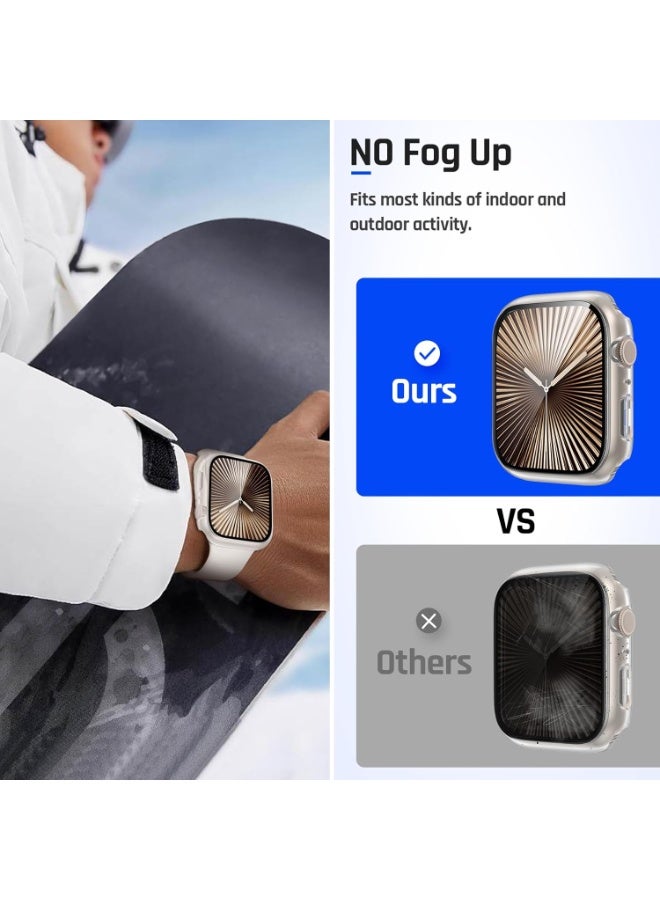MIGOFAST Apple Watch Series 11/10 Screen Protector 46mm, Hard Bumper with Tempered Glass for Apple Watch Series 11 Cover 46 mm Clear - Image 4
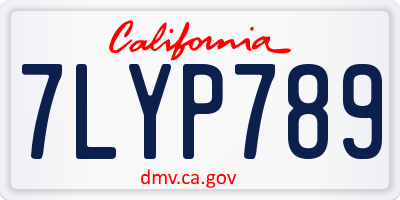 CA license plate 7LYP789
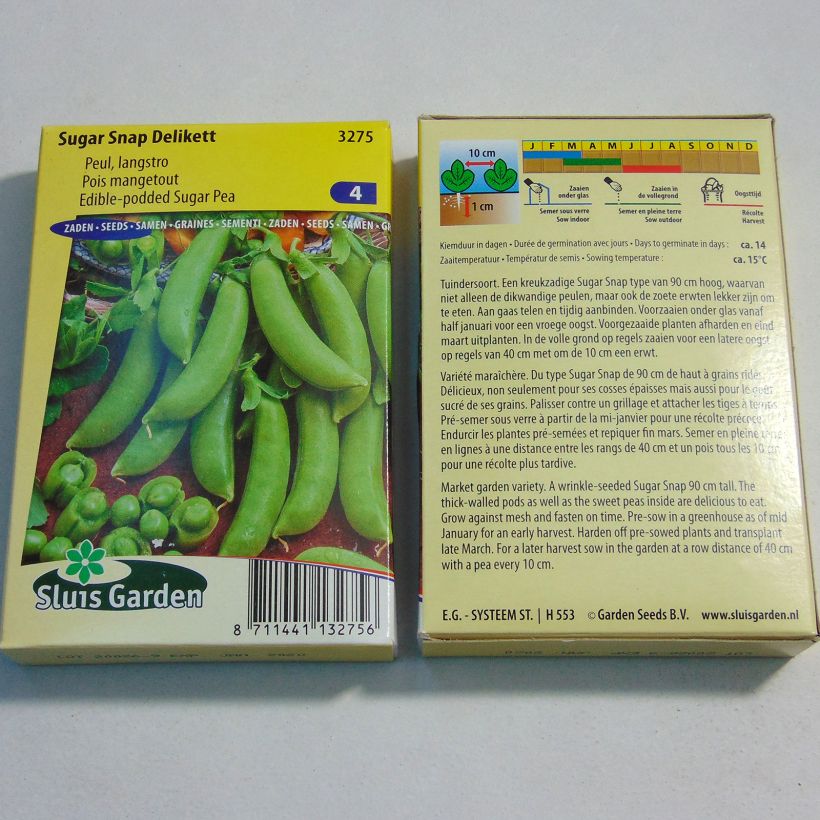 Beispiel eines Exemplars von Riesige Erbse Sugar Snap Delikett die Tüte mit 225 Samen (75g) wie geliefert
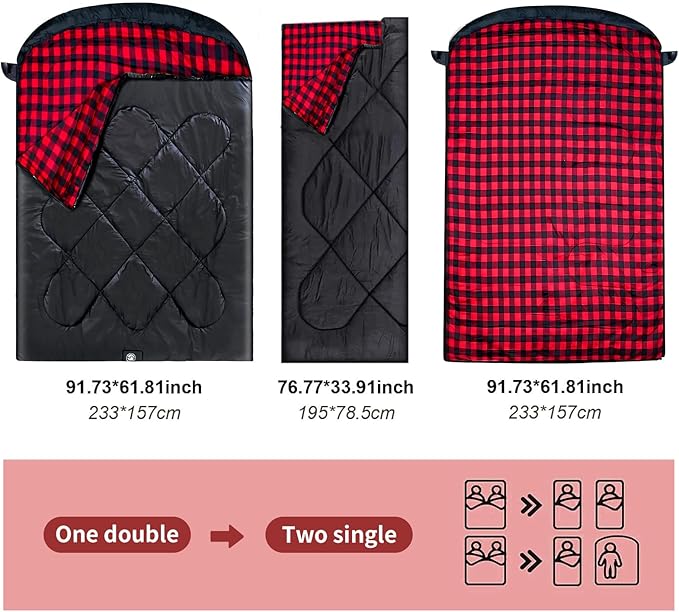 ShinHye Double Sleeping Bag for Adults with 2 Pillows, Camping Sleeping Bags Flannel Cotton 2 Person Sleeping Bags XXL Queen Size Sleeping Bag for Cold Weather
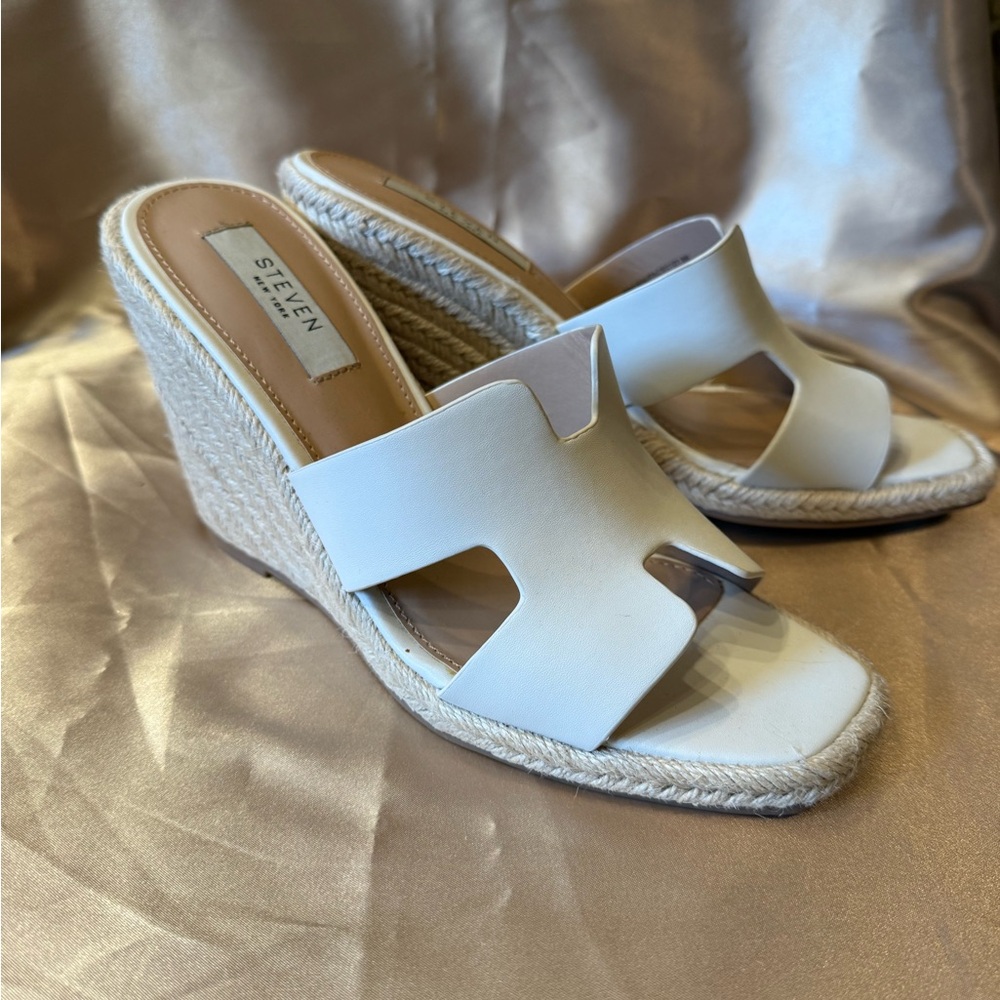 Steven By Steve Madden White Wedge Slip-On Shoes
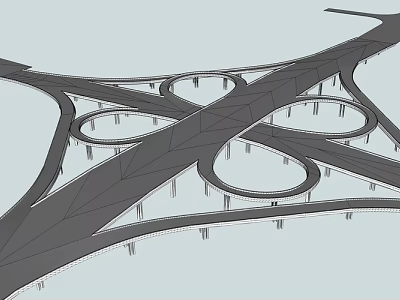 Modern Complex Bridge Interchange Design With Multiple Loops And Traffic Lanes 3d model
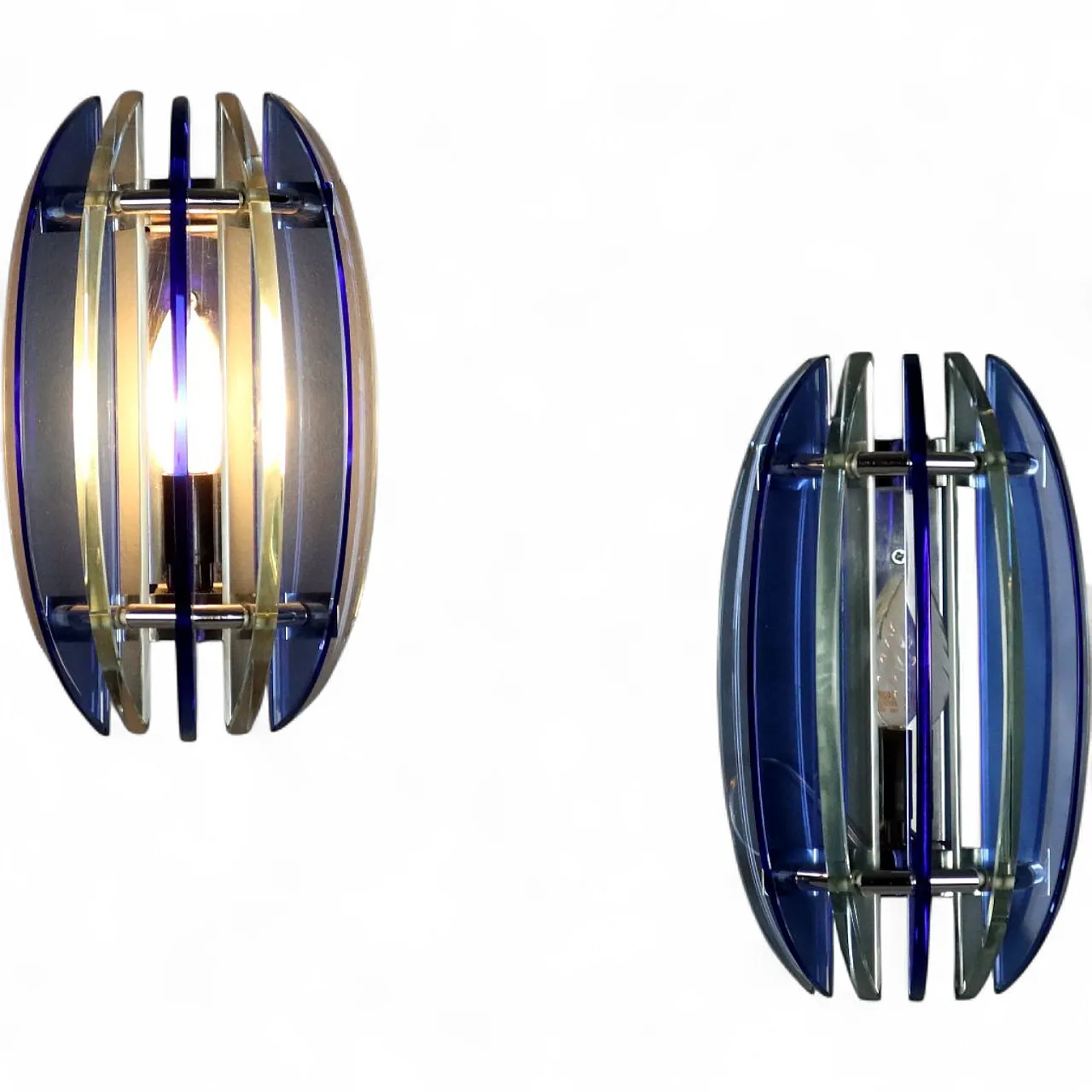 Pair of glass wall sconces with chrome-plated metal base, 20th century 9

...

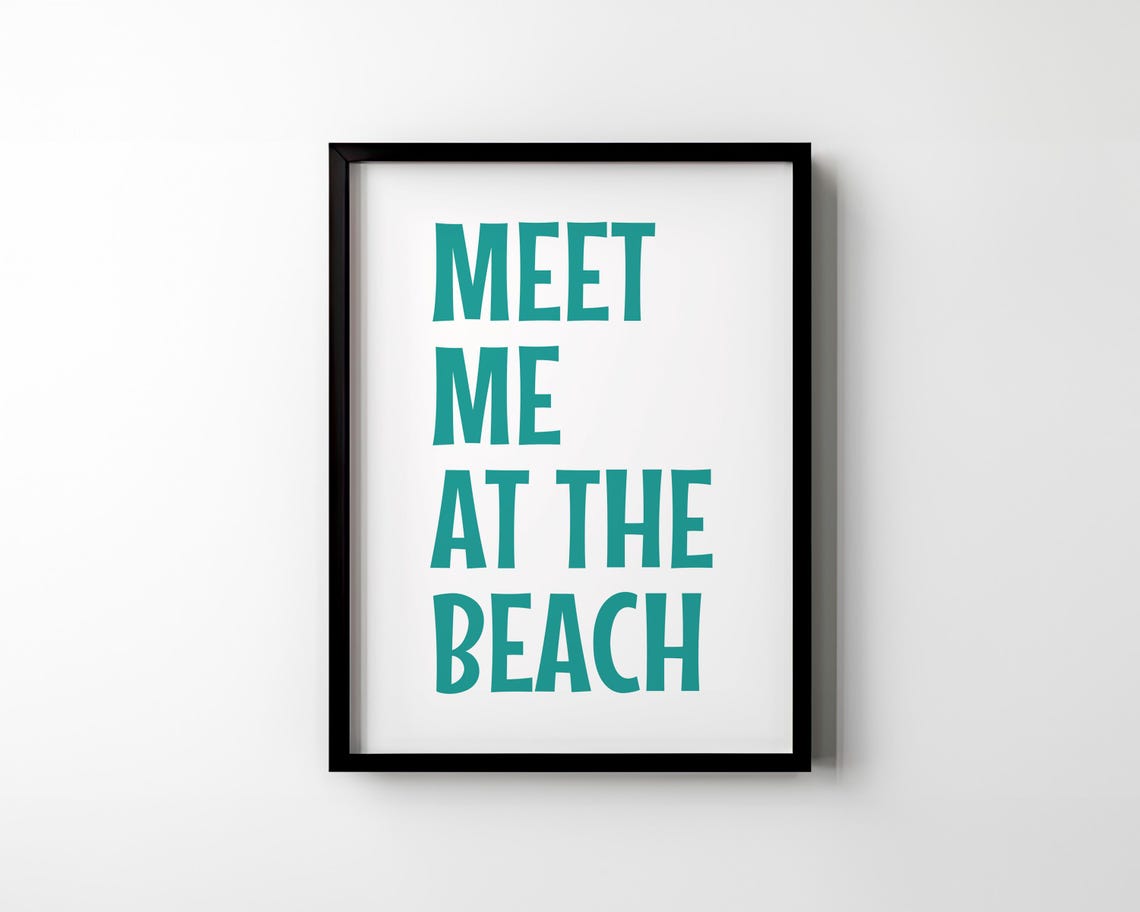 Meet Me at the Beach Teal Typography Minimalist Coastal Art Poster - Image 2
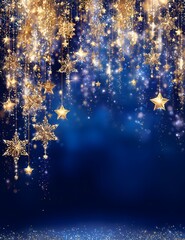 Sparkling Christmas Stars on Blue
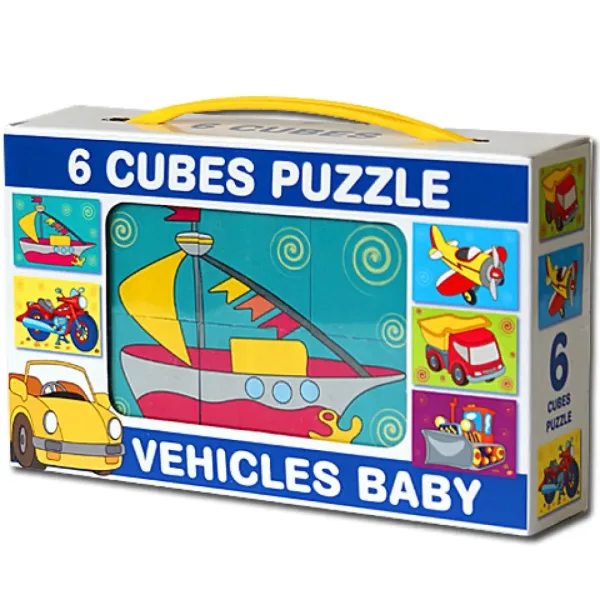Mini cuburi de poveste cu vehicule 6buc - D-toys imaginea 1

* * *

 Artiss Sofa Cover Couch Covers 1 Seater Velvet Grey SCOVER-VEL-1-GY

### What needs to be done
Starting with the line that has "MIGOFAST Apple Watch" and going on through the line that has "Pair of glass", transcribe the records above exactly, but skip the pictures.

### Reply to the exercise
MIGOFAST Apple Watch Series 11/10 Screen Protector 46mm, Hard Bumper with Tempered Glass for Apple Watch Series 11 Cover 46 mm Clear - Image 4
 CA license plate 7LYP789
 Beispiel eines Exemplars von Riesige Erbse Sugar Snap Delikett die Tüte mit 225 Samen (75g) wie geliefert
 ShinHye Double Sleeping Bag for Adults with 2 Pillows, Camping Sleeping Bags Flannel Cotton 2 Person Sleeping Bags XXL Queen Size Sleeping Bag for Cold Weather
 Steven By Steve Madden White Wedge Slip-On Shoes
 Modern Complex Bridge Interchange Design With Multiple Loops And Traffic Lanes 3d model
 Pair of glass wall sconces with chrome-plated metal base, 20th century 9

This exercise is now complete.